In one embodiment without a turbine, the fan housing and the compressor housing are designed in such a way that the hydrogen containing recycle stream and the air stream flow through the housing spatially separately from one another.
A fuel cell system comprises a recirculation fan turbocharger assembly and a fuel cell unit which are coupled to one another in such a way that hydrogen from the fuel cell unit can be conveyed back through the fan to the fuel cell unit, and an air stream is supplied through the compressor of the fuel cell unit. The recirculation fan turbocharger assembly fulfills a dual function: recycling hydrogen and supplying air, which is associated with a compact design of the recirculation fan turbocharger assembly and thus also of the fuel cell system.
In one embodiment of the fuel cell system, the fan has a fan inlet and a fan outlet, and the compressor has a compressor inlet for the inflow of air and a compressor outlet. The fuel cell unit is coupled on the output side to the fan inlet and on the input side to the fan outlet and the compressor outlet. The coupling can take place by means of additional components, for example valves. In this embodiment, a turbine is not required.
In an alternative embodiment of the fuel cell system, the fan has a fan inlet and a fan outlet. The compressor has a compressor inlet for the inflow of air and a compressor outlet, and the turbine has a turbine inlet and a turbine outlet. The fuel cell unit is coupled on the output side to the turbine inlet and the fan inlet, and on the input side to the fan outlet and the compressor outlet. The coupling can take place by means of additional components, for example valves. In this embodiment, a turbine drive is provided, which is advantageously electrically assisted by the electric drive, which results in a reduction in power consumption by comparison with an embodiment without a turbine. The turbine is driven by the fuel cell exhaust gas stream, and the fan conveys the hydrogen containing recycle stream.

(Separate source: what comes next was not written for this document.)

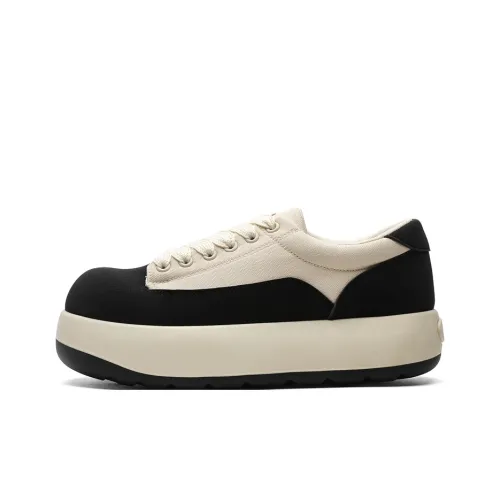 JX Нишевый Пэчворк Пухлые Туфли Модная Повседневная Обувь Мужская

BRIEF DESCRIPTION OF THE DRAWINGS

In the following, some exemplary embodiments will be described in greater detail with reference to the drawings, in which:

FIG. 1 schematically shows an exemplary embodiment of a conventional fuel cell system;

FIG. 2 schematically shows an exemplary embodiment of a fuel cell system;

FIG. 3 schematically shows a rotor having an electric motor from the recirculation fan turbocharger assembly from FIG. 2 ,

FIG. 4 schematically shows another exemplary embodiment of a fuel cell system;

FIG. 5 schematically shows a rotor having an electric motor from the recirculation fan turbocharger assembly from FIG. 4 ;

FIG. 6 schematically shows yet another exemplary embodiment of a fuel cell system;

FIG. 7 schematically shows a rotor having an electric motor from the recirculation fan turbocharger assembly from FIG. 6 ; and

FIG. 8 is a sectional view through an exemplary embodiment of a recirculation fan turbocharger assembly.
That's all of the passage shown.